Dari Tamim Ad-Daari dia berkata: “Di zaman ‘Umar orang-orang berlomba-lomba membangun (kehidupan dunia mereka), maka berkatalah ‘umar: ‘Wahai seluruh penghuni rumah, jagalah tanah air kalian! Jagalah tanah air kalian! (Ingatlah) bahwa tidak akan ada Islam kecuali dengan Jama’ah, dan tidak akan ada jama’ah kecuali dengan pemerintahan, dan tidak akan ada pemerintahan kecuali dengan ketaatan. Oleh karena itu barang siapa yang oleh kaumnya diangkat menjadi pemimpin karena paham dalam agama, maka itu berarti pertanda “kehidupan” baginya dan bagi kaumnya. Dan barang siapa yang diangkat bukan karena paham agama oleh kaumnya, niscaya hal itu menjadi pertana kebinasaan baginya dan bagi merek.” (HR. Ad-Darimi no.241)
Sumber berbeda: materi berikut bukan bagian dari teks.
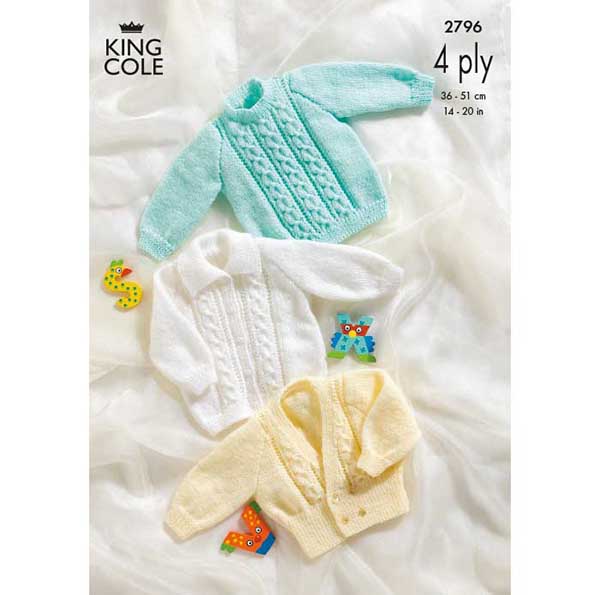 King Cole Baby Sweater, Jacket & Cardigan Knitting Pattern 2796 - 4 ply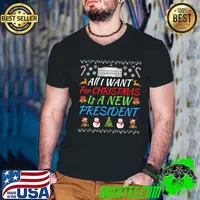 All I Want For Christmas Is A New President Fun Xmas Sweater T-Shirt Guys V Neck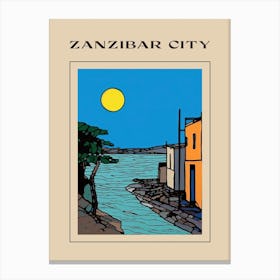 Minimal Design Style Of Zanzibar City, Tanzania3 Poster Canvas Print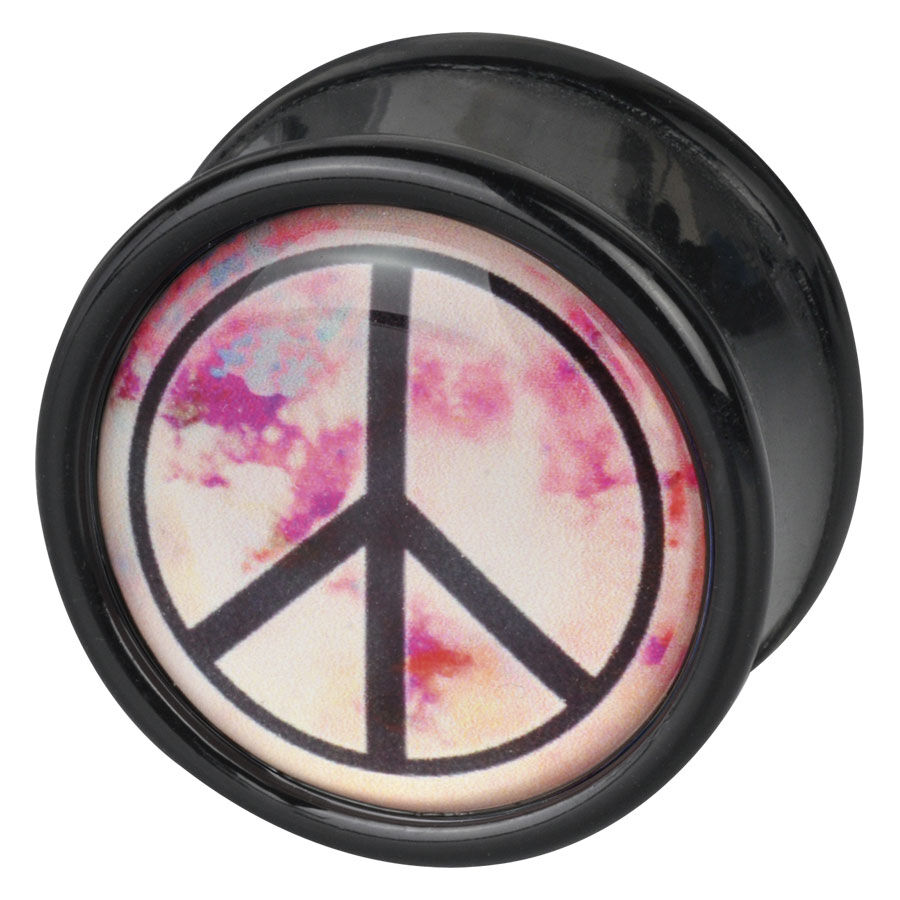 Schwarzer Plug mit pinkem Peace-Zeichen auf weißem Hintergrund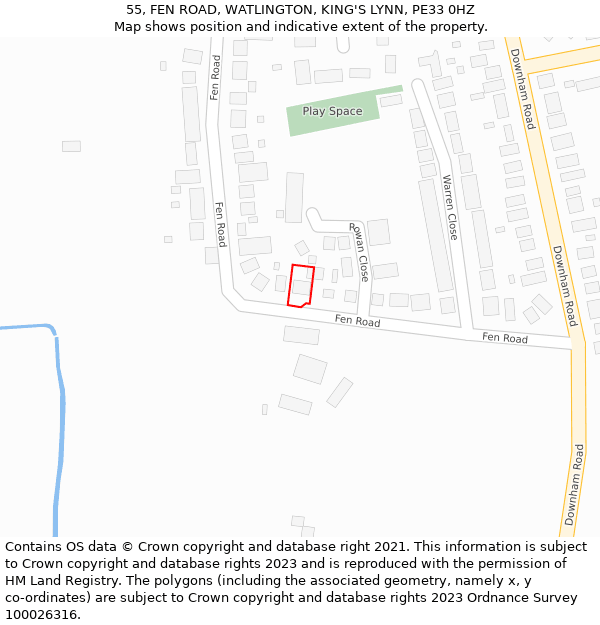 55, FEN ROAD, WATLINGTON, KING'S LYNN, PE33 0HZ: Location map and indicative extent of plot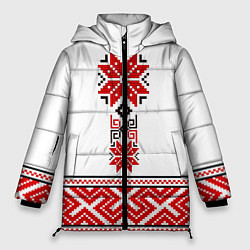 Женская зимняя куртка Обережная вышиванка - узор алатырь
Al Hasan berkata: “Mereka (para sahabat) berkata:’Kematian seorang Ulama (Ahli Ilmu) adalah retaknya Islam; tidak akan ada yang bisa menambalnya selama siang dan malam masih silih berganti.’” (Jami’ul Bayan 1/153)
Melindungi diri dari kehancuran
Dengan mengikuti Al Quran dan As- Sunnah
Saya berharap dengan membaca judul diatas seseorang tidak hanya mengiyakan atau membenarkan sebatas dengan lisan begitu saja, melainkan dia juga mau mengamalkan apa yang saya tawarkan melalui judul tersebut. Hal ini karena sebenarnya permasalahan atau judul yang tertulis itu sudah sangat diketahui oleh sebagian besar kaum muslimin, namun sayangnya mereka hanya memahaminya sebagai sebuah teori belaka dalam artian mereka tidak melakukan tindakan berupa pengamalan teori tersebut. Yang saya inginkan adalah agar orang-orang Islam yang belum mau tunduk dengan ketentuan Al-Quran dan As Sunnah, sejak hari ini mau tunduk dengan ketentuan Al Quran dan As sunnah. Mau mempelajarinya dengan sungguh-sungguh dan mengamalkannya juga dengan sungguh-sungguh dimulai dari diri sendiri dan keluarga terdekat.
Memang kaum muslimin hari ini sedang dalam keadaan pesakitan, lemah, dan tidak berdaya. Orang–orang kafir dan munafik bersatu padu untuk menghancurkan negeri-negeri Islam dan kawasan-kawasan yang dihuni oleh kaum muslimin. Spanyol dan Palestina telah mereka kuasai dan kini tinggal kenangan saja. Semua hal ini disebabkan karena semakin berkurangnya perhatian kaum muslimin terhadap sumber kekuatan mereka sendiri, yaitu Al Quran dan As Sunnah. Akhirnya mereka dihinakan oleh Allah subhanahu wa ta’ala karena mereka berburuk sangka kepada Allah dengan menganggap bahwa Al Quran dan As Sunnah sangat kecil pengaruhnya bagi kejayaan dan kemenangan ummat ini. Mereka juga beranggapan bahwa dakwah yang sekarang ini ada di masjid-masjid mempelajari Al Quran dan Sunnah tidak mampu menggerakkan ummat atau sangat lambat dalam memobilisasi mereka serta sama sekali tidak mampu menyaingi berbagai media milik orang-orang komunis, Yahudi, dan Nashrani.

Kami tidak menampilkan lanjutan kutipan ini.